Für Logan spielte das keine Rolle. Er war schließlich selbst noch ein Kind und konnte nicht verstehen, wie wichtig es für Clark gewesen wäre, jemanden zu haben, der ihn ernst nimmt und daraus kein Spiel macht. Ungewollt verhielt Logan sich wie Clarks Mutter und interpretierte das Verhalten von Caroline, Scarlett und Clark falsch. Dass sie nur selten weinten, bedeutete nicht, dass sie alles gut verarbeiteten. Cassandra war wahrscheinlich so sehr mit dem neuen Haus beschäftigt, dass kein Platz mehr war, um zu verstehen, dass Kinder anders trauern. Manche sind wie Caroline und ziehen sich eine Weile zurück. Andere sind wie Scarlett und Clark. Mehr als zwei Jahre trauerten sie sozusagen auf Raten.

Clark jedenfalls fühlte sich in der Situation mit Logan äußerst unverstanden und es war für ihn einer der Momente, in denen sich Zweifel in sein Herz schlichen, ob es richtig war, Gefühle auszudrücken.

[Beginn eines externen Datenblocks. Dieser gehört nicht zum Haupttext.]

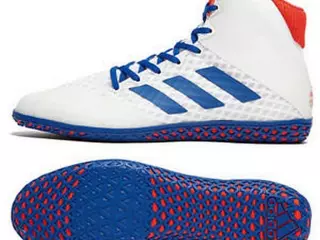 Adidas Mat Wizard 4 Wrestling Shoes Blanco-Azul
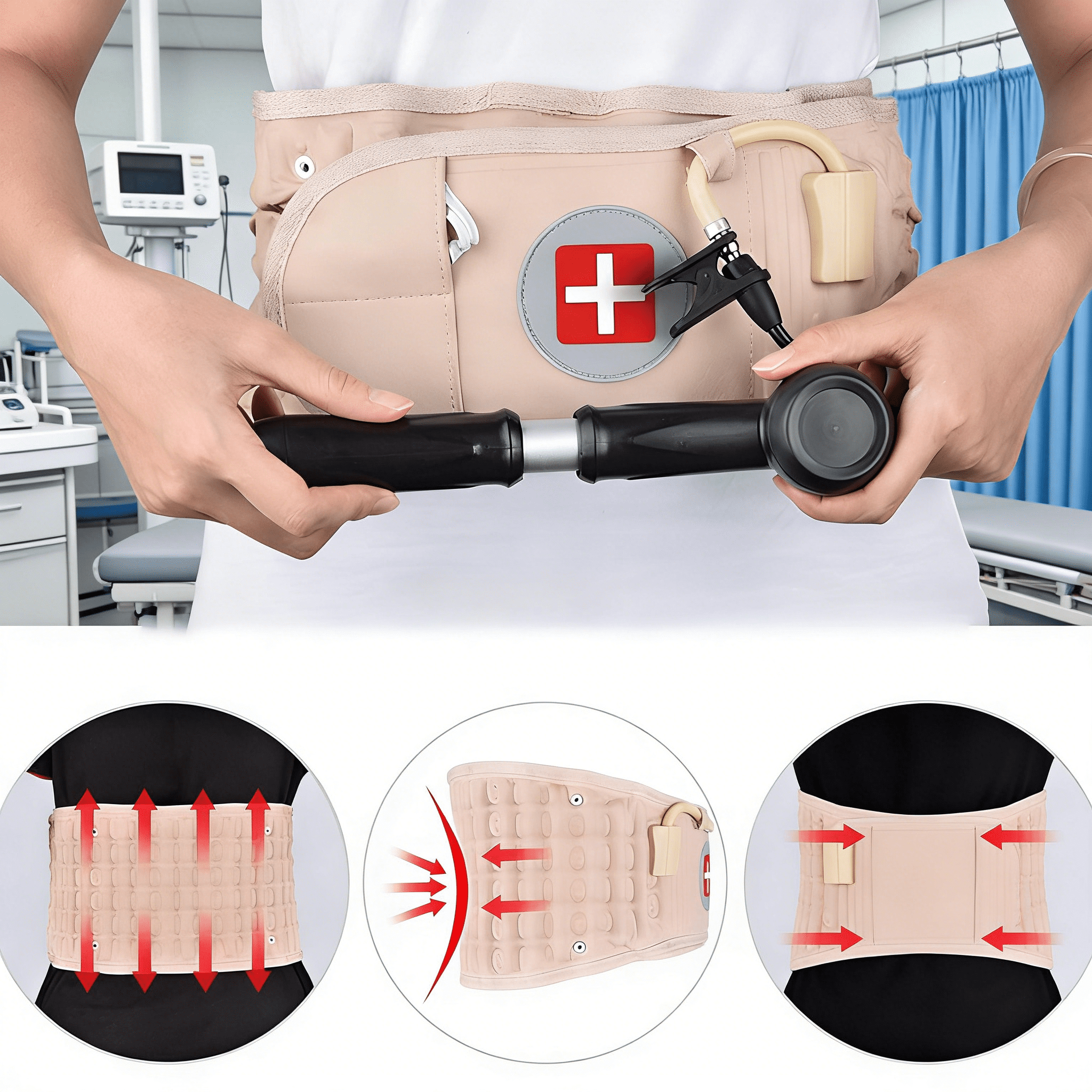 XIRQI 2026 New Inflatable Lumbar Belt, Decompression Belt, Inflatable Traction Device, Muscle Spasms, Back Muscles, for Posture Correction. One Size Fits 29-49 Inch Waist Circumference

Clark hängt das Handtuch zum Trocknen über den Heizkörper. Im Badezimmerspiegel macht er sich die Haare zurecht und marschiert nackt ins Schlafzimmer. Er öffnet den Kleiderschrank und zieht sich weiße Boxershorts, eine blau verwaschene Jeans und ein weißes T-Shirt an. Er streicht das Bett glatt und geht durch den Flur in die Küche. Dabei streift sein Blick über den Koffer vor der Haustür. Er muss schwer schlucken, weil er alle angelogen hat und glauben ließ, er würde nach Paris fliegen. Niemand weiß, dass er nach Ägypten reist, um heimlich in der Vergangenheit seiner Mutter zu schnüffeln. Seit Wochen quälen ihn deshalb Zweifel, ob es wirklich richtig ist, in sechzehn Jahre altem Dreck zu wühlen, nur weil er als Kind ein paar Dinge herausgefunden hat, die er bis heute nicht versteht. Sollte er es nach so vielen Jahren nicht auf sich beruhen lassen? Warum zermartert er sich seit seinem zwölften Lebensjahr den Kopf? Warum ist er seither der Meinung, dieser Fall sei sein Schicksal und er müsste ihn unbedingt lösen? Hatte seine Mutter als Erwachsene nicht das Recht auf Privatsphäre und darauf, verschiedene Dinge für sich zu behalten? Vielleicht tat es ihr damals wirklich so weh, dass sie nicht mehr daran erinnert werden wollte und deshalb alles verschwinden ließ, was an seinen Vater erinnerte. Möglicherweise hat sie deshalb nicht wieder geheiratet.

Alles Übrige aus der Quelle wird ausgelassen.